-------- EXERCISE INPUT --------

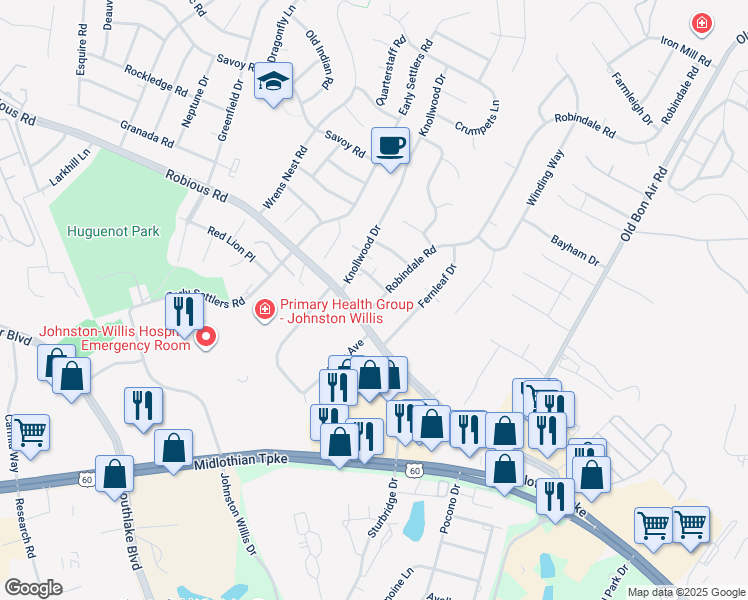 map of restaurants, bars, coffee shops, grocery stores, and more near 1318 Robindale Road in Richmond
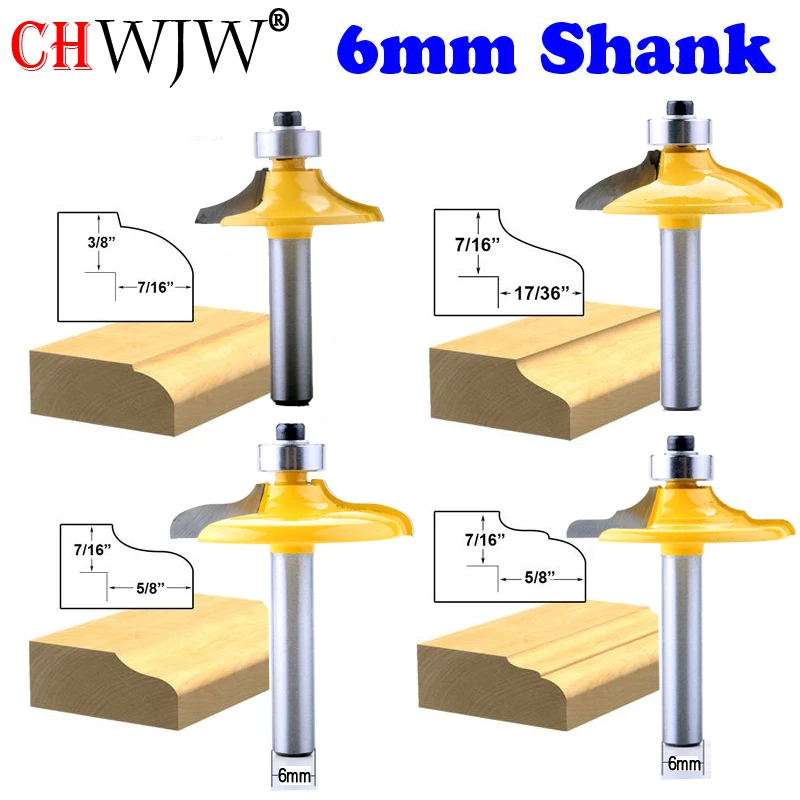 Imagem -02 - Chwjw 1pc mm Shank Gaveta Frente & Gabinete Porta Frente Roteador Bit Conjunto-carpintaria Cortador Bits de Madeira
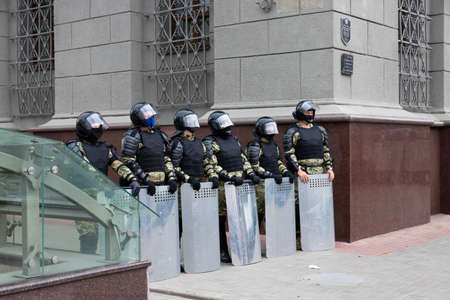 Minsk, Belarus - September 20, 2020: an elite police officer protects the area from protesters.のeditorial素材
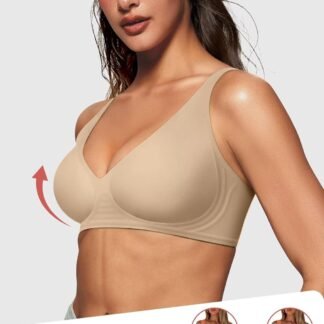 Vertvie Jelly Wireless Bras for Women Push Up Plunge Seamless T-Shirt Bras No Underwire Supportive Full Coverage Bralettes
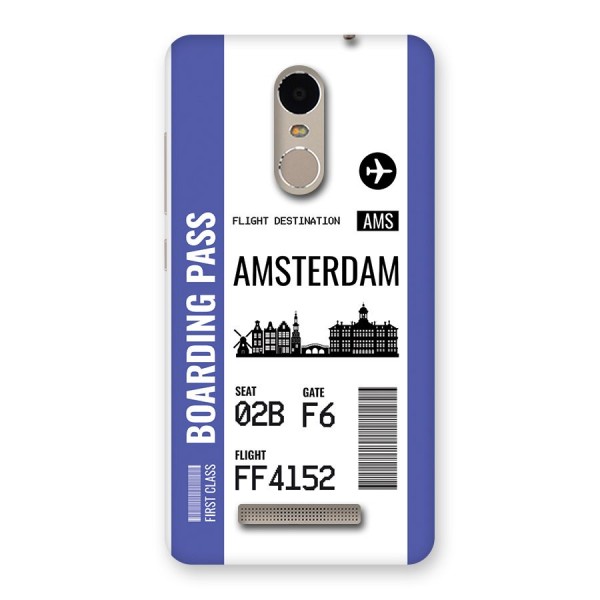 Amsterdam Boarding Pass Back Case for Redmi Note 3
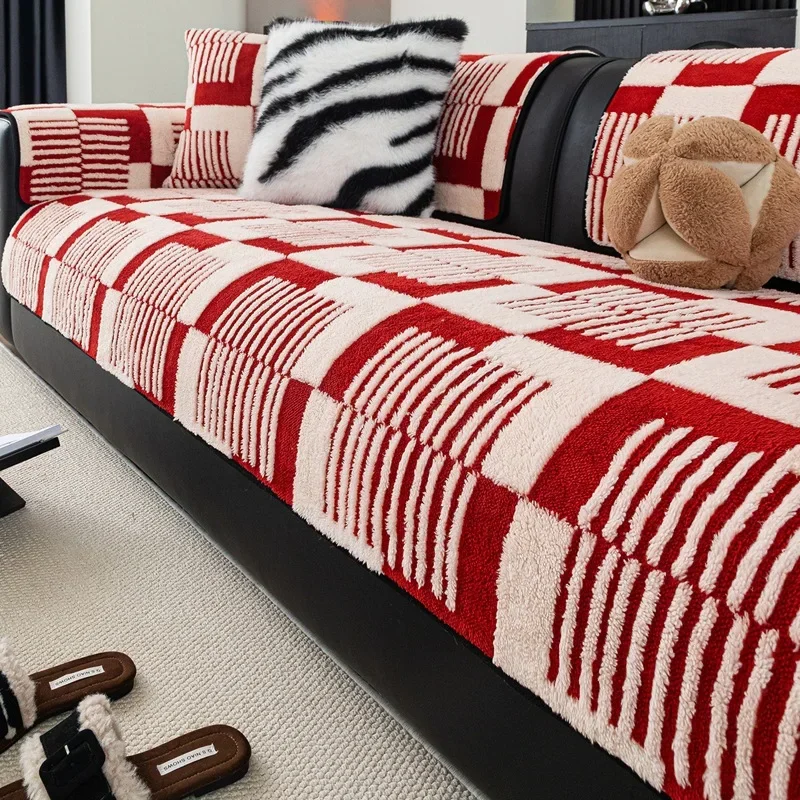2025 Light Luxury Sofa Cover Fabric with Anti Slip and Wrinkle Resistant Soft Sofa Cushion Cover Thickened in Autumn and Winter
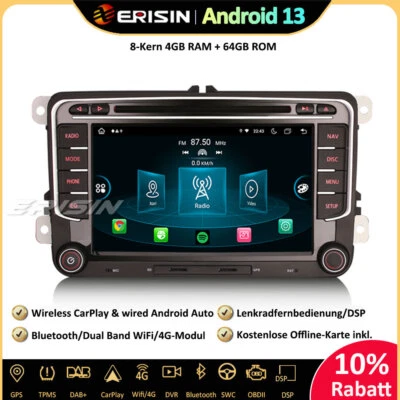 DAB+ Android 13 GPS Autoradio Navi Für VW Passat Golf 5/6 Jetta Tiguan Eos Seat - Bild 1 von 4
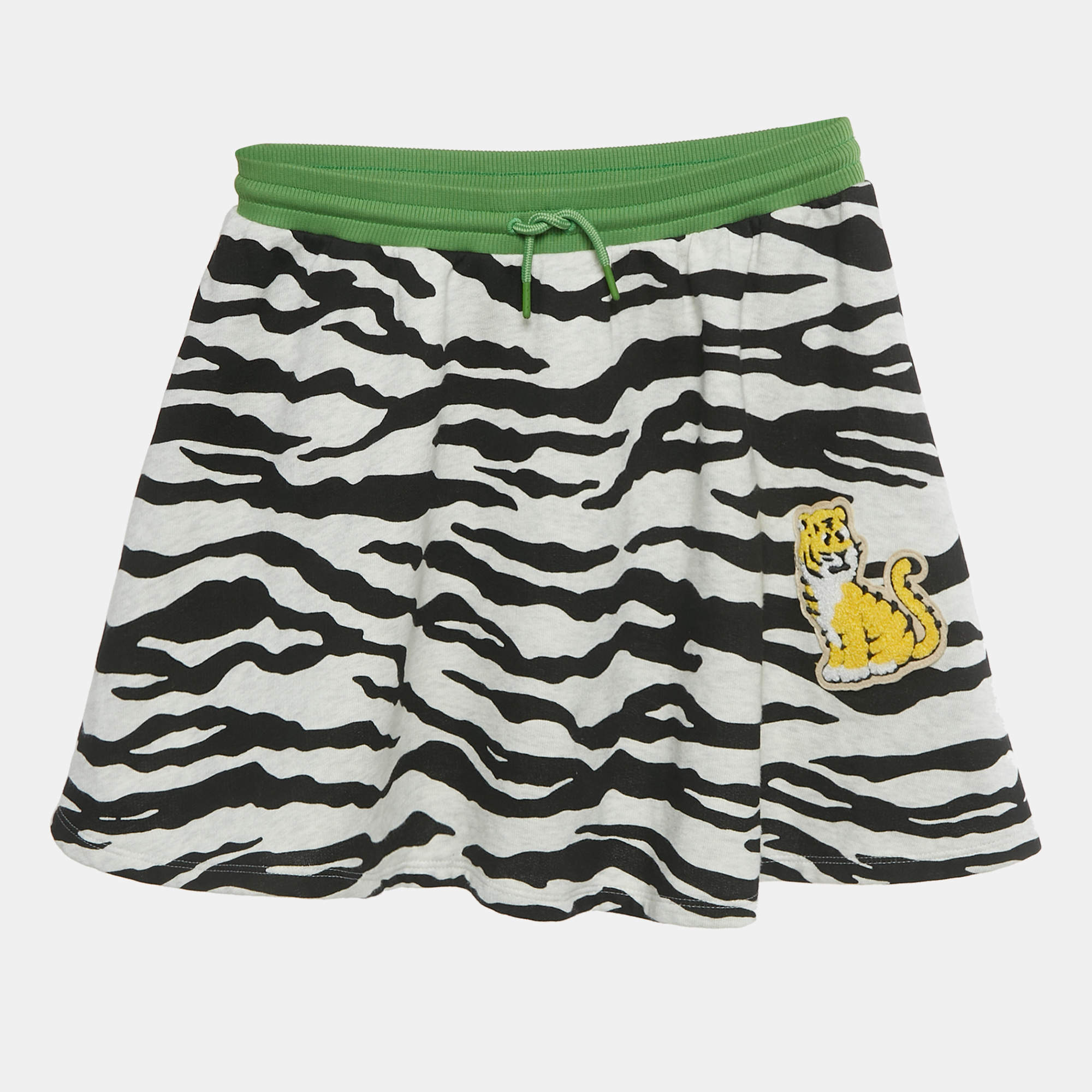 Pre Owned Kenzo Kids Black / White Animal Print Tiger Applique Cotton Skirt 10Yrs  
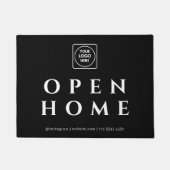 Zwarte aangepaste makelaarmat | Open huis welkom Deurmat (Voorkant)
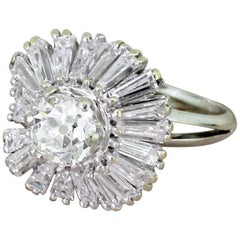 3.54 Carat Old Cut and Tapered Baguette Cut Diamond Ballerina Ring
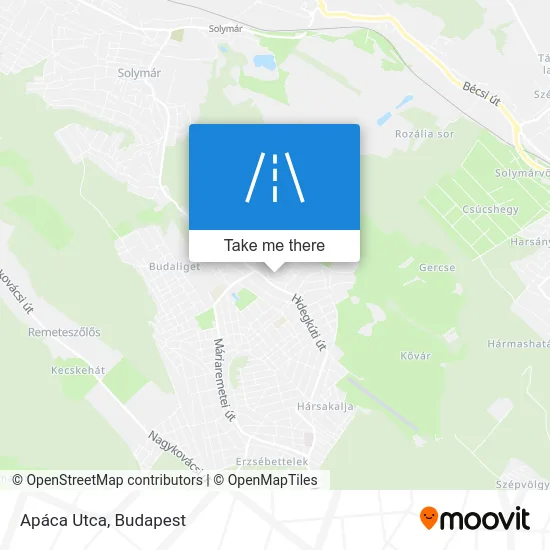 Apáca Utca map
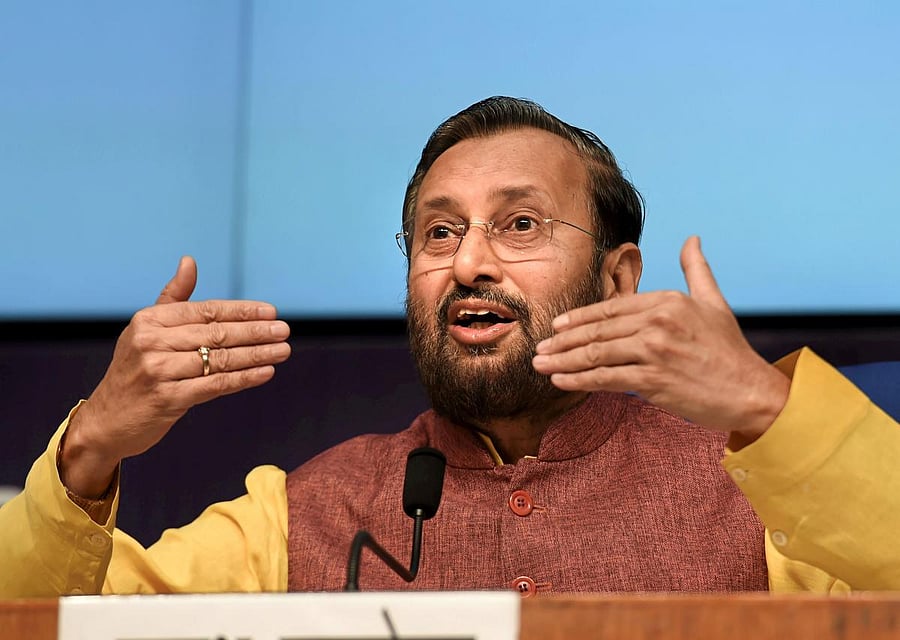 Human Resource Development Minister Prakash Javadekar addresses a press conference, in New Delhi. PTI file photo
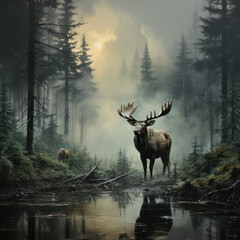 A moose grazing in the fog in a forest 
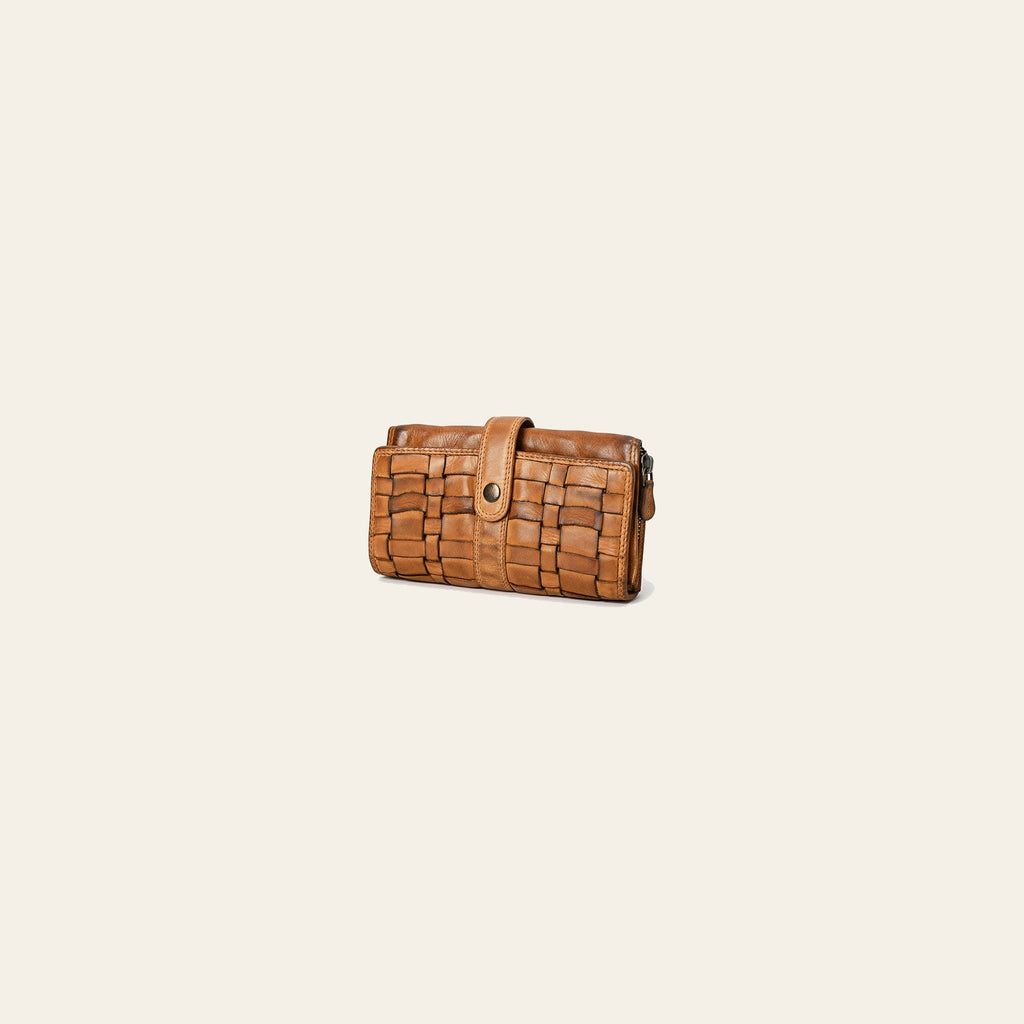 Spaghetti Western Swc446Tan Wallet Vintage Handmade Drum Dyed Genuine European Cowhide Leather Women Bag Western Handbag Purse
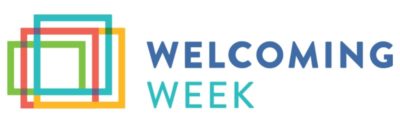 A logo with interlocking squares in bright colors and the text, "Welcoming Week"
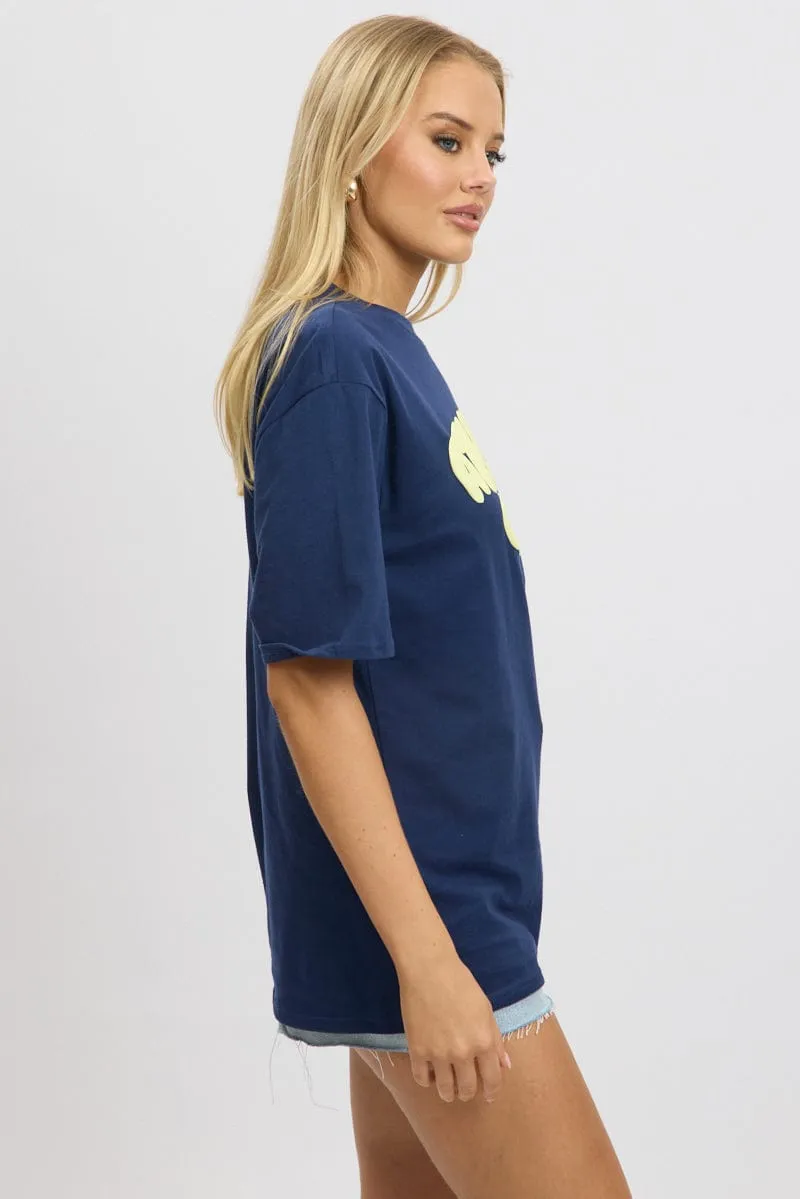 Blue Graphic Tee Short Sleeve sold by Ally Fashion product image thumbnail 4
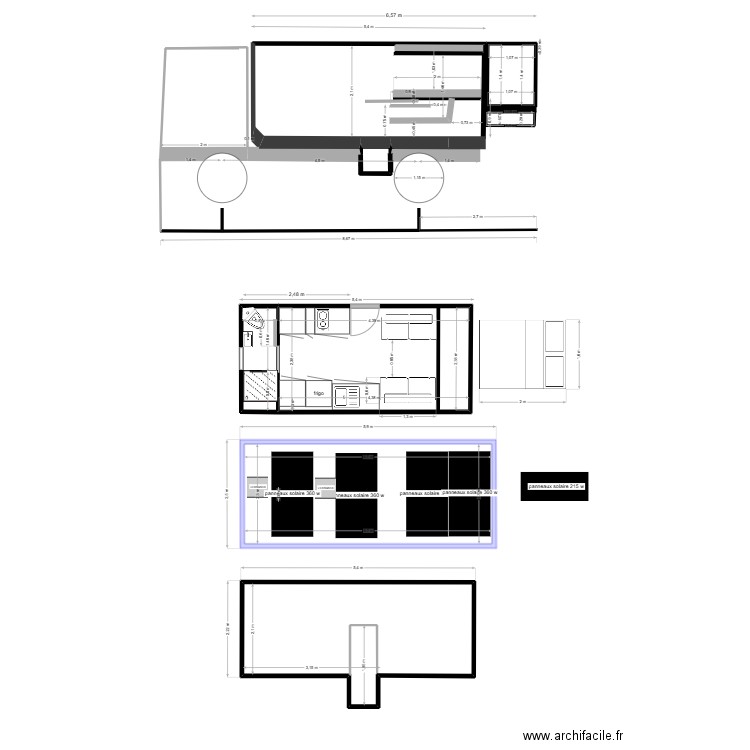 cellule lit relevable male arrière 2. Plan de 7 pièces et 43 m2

--------

*EXERCISE PROMPT:* Now reproduce all of the entries precisely, with no pictures in the copy.

*EXPECTED ANSWER:*
 map of restaurants, bars, coffee shops, grocery stores, and more near 1318 Robindale Road in Richmond
 Imagem -02 - Chwjw 1pc mm Shank Gaveta Frente & Gabinete Porta Frente Roteador Bit Conjunto-carpintaria Cortador Bits de Madeira
 Minsk, Belarus - September 20, 2020: an elite police officer protects the area from protesters.のeditorial素材
 Vertvie Jelly Wireless Bras for Women Push Up Plunge Seamless T-Shirt Bras No Underwire Supportive Full Coverage Bralettes
 Amsterdam Boarding Pass Back Case for Redmi Note 3
2025 Light Luxury Sofa Cover Fabric with Anti Slip and Wrinkle Resistant Soft Sofa Cushion Cover Thickened in Autumn and Winter
 DAB+ Android 13 GPS Autoradio Navi Für VW Passat Golf 5/6 Jetta Tiguan Eos Seat - Bild 1 von 4
 Pre Owned Kenzo Kids Black / White Animal Print Tiger Applique Cotton Skirt 10Yrs  
 Zwarte aangepaste makelaarmat | Open huis welkom Deurmat (Voorkant)
 3.54 Carat Old Cut and Tapered Baguette Cut Diamond Ballerina Ring
 Apáca Utca map
 Human Resource Development Minister Prakash Javadekar addresses a press conference, in New Delhi. PTI file photo
 A moose grazing in the fog in a forest 
 Spaghetti Western Swc446Tan Wallet Vintage Handmade Drum Dyed Genuine European Cowhide Leather Women Bag Western Handbag Purse
 A logo with interlocking squares in bright colors and the text, "Welcoming Week"
 Blue Graphic Tee Short Sleeve sold by Ally Fashion product image thumbnail 4
 cellule lit relevable male arrière 2. Plan de 7 pièces et 43 m2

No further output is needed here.